Supplied data Start Marker
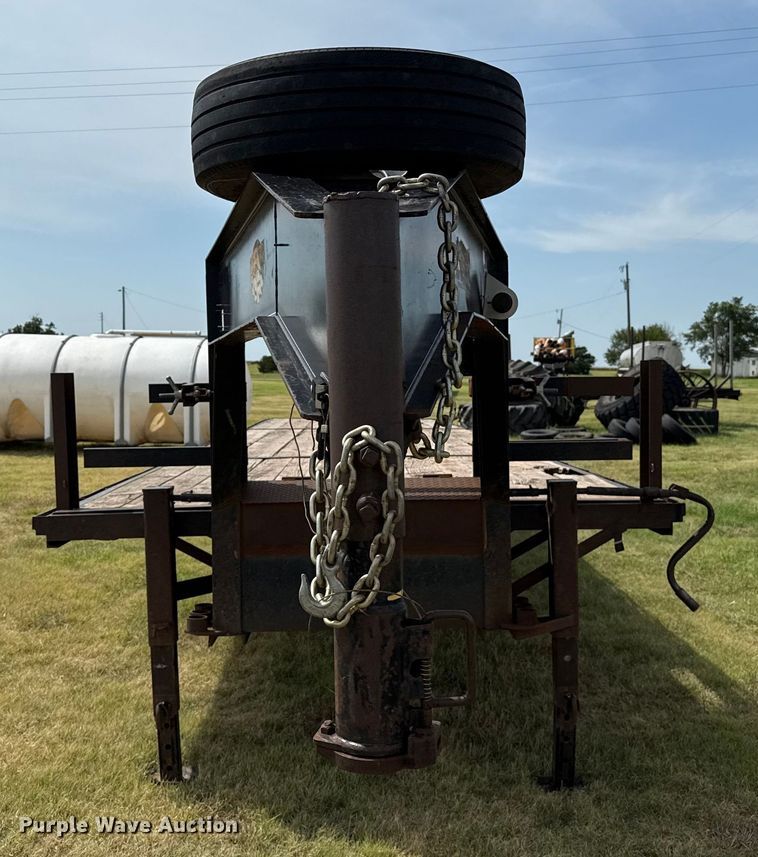 image for item DZ8827 2006 DJTL Flatbed trailer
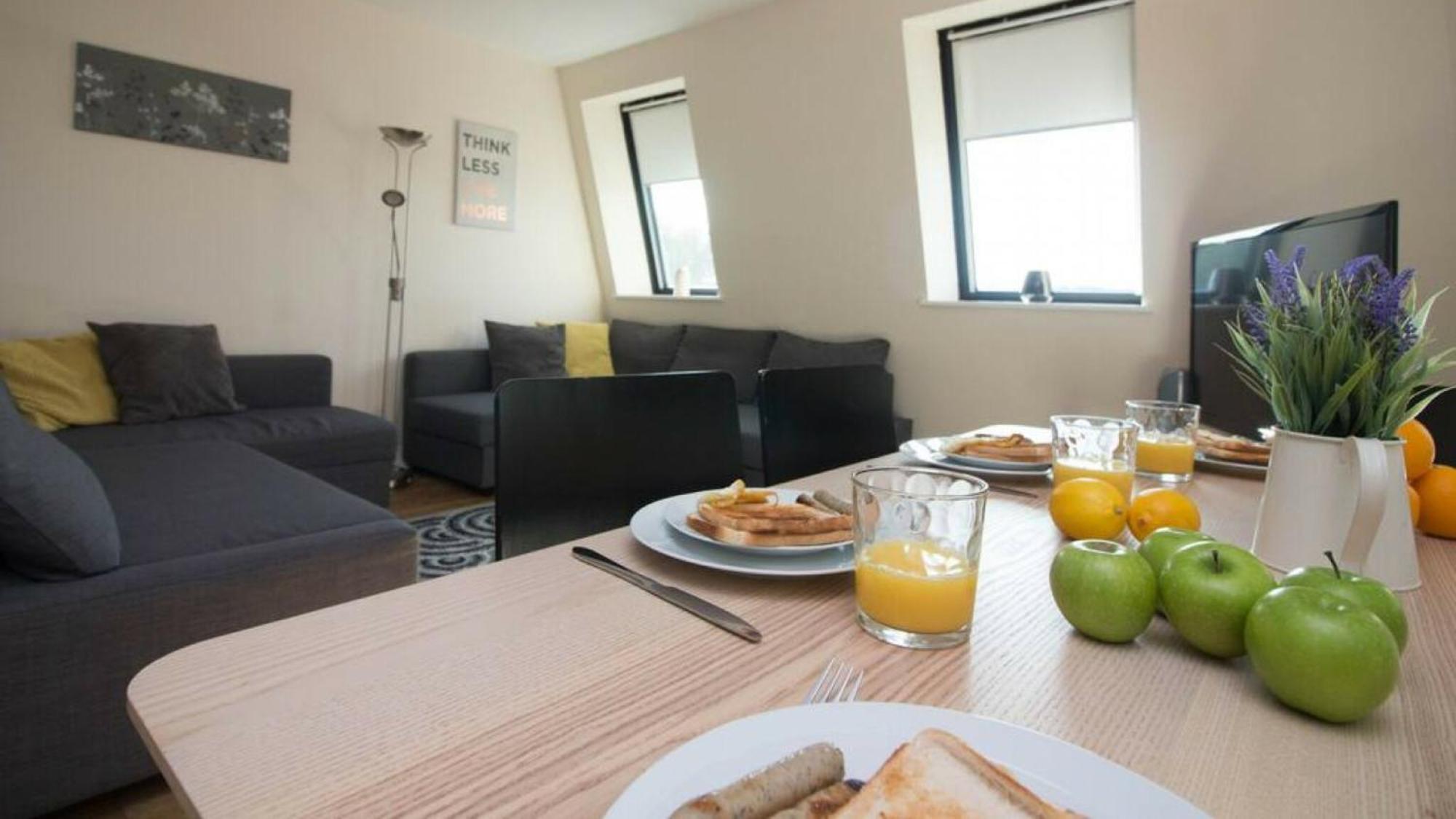 Stayzo Premiere Serviced Accommodation-17 Apartment *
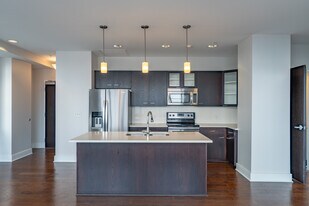 10 Lafayette Sq in Buffalo, NY - Building Photo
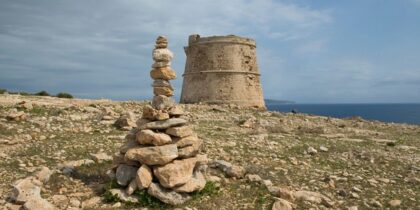 Propòsit de Cap d'Any: no amuntegar pedres a les costes d'Eivissa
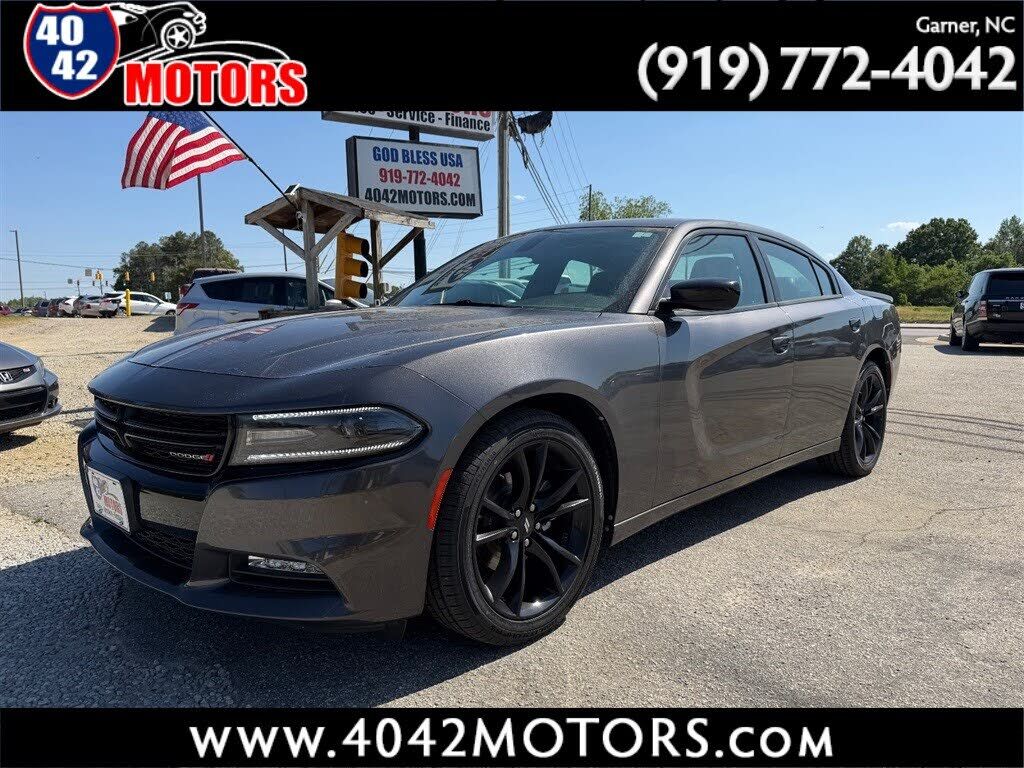 2017 DODGE Charger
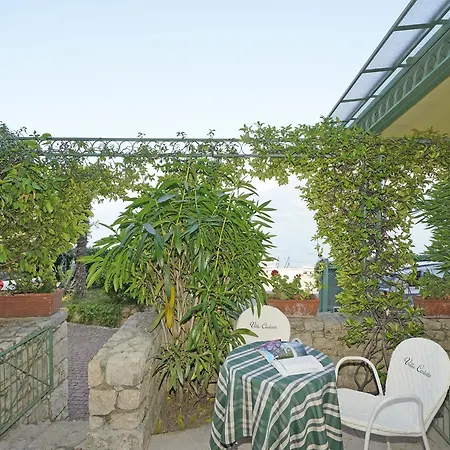 Hotel Villa Carlotta-3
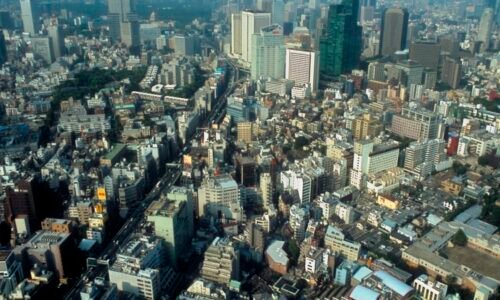 Hrozba tsunami: Po silném zemětřesení vydaly japonské úřady varování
Supplied data End Marker
◆ **Try it**:
Each line from the one containing "2017 DODGE Charger" through the final line of the data must be reproduced exactly, both ends included, with no pictures in the copy.

◆ **Solution to the problem**:
 2017 DODGE Charger
 Hotel Villa Carlotta-3
 Hrozba tsunami: Po silném zemětřesení vydaly japonské úřady varování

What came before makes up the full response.